School Follies
If one wishes to know why property taxes are so high here in New Jersey, one need only recall the extravagance of the Trenton Democrats. Consider (July 19, 2005) post, commenting on the $136 million Taj Mahal being built on your nickel in Union City.
Union City pays less than 10% of the costs of running its own schools – and them’s only the dishonest, "official" figures, which don’t include the costs of the bonds we sold for the schools we built for them.
Today’s Ledger reports that local officials in South Jersey are, unsurprisingly, terrified at the prospect that Abbott funding might be curtailed and that they, themselves, might be actually asked to pay for their own schools.
Horrors. Imagine if the state stops permitting one town to sponge off its neighbors. Whatever shall we do?

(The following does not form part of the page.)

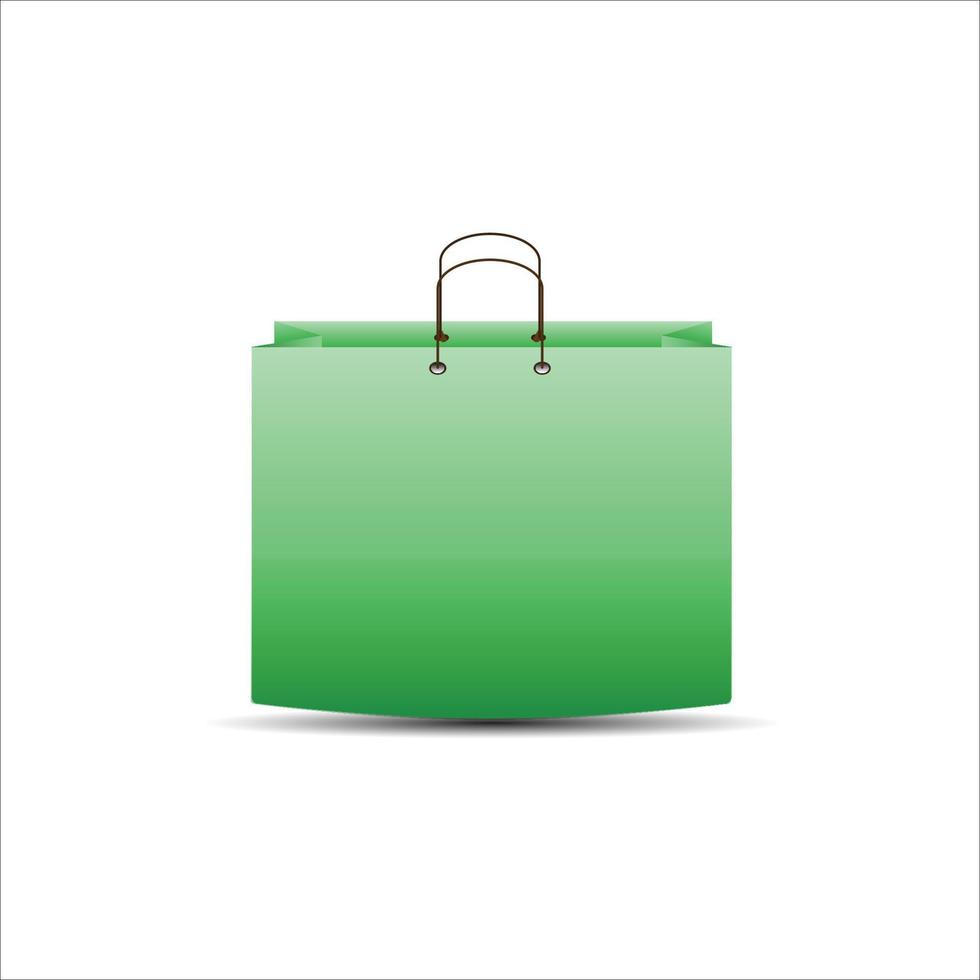 Green shopping bag vector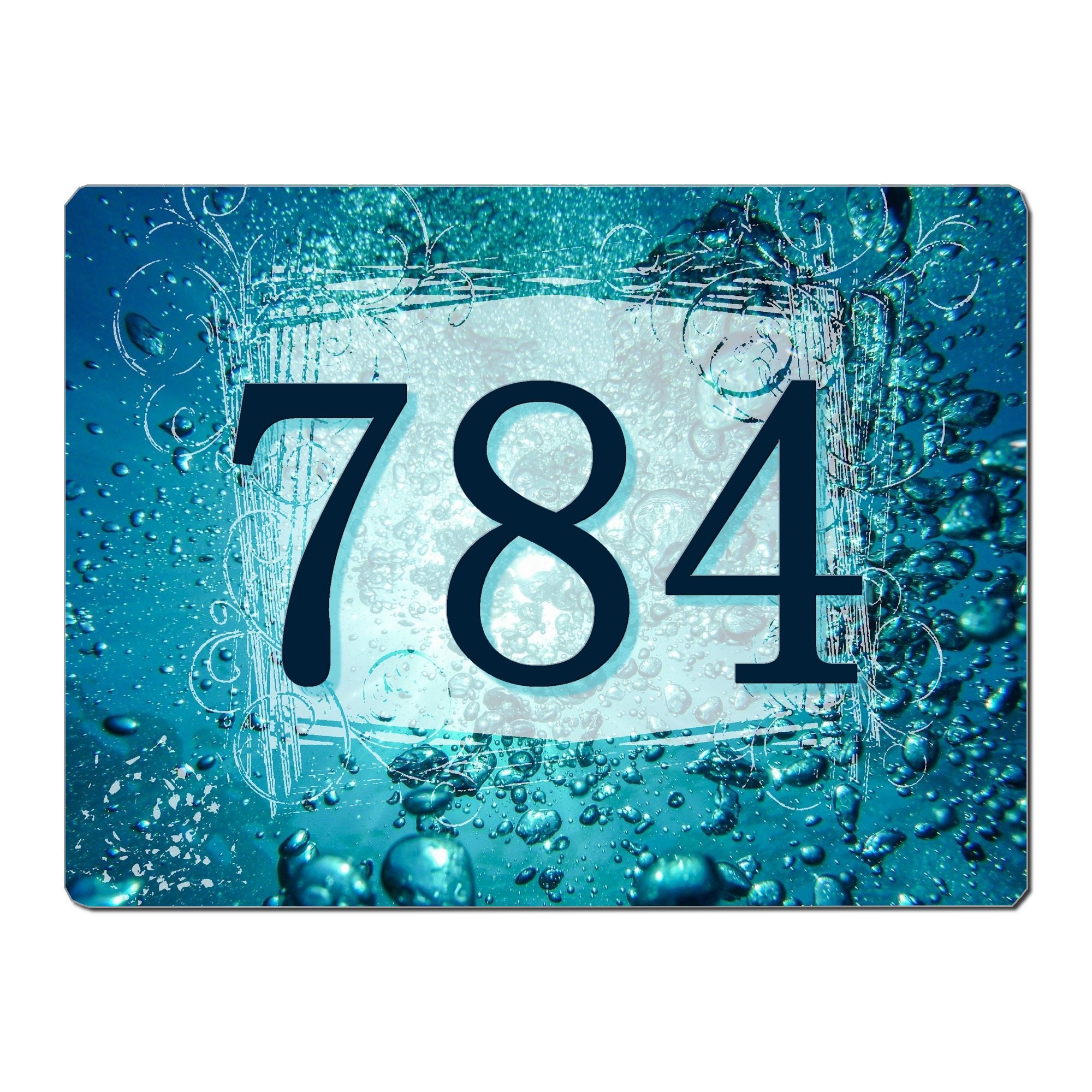 Plaque Maison Numero à Personnaliser Aluminium Porte Design Eau French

We like to moan about high property taxes, but without some method of check-mating the redistributionist impulses of the Trenton Democrats, far better to live with property taxes than income taxes. Every nickel of the property taxes a Denville resident pays gets spent in Denville. Any mis-named "property tax reform" which directs money to Trenton rather than to Denville will inevitably result in the money being spent on white elephants in Camden, not used for schools and services in Denville.
Repealing Abbott outright and redistributing aid among all children equally – every kid in the state gets precisely the same amount of money, to be used for such education as his parents think appropriate – will reduce property taxes, advance freedom, and improve education.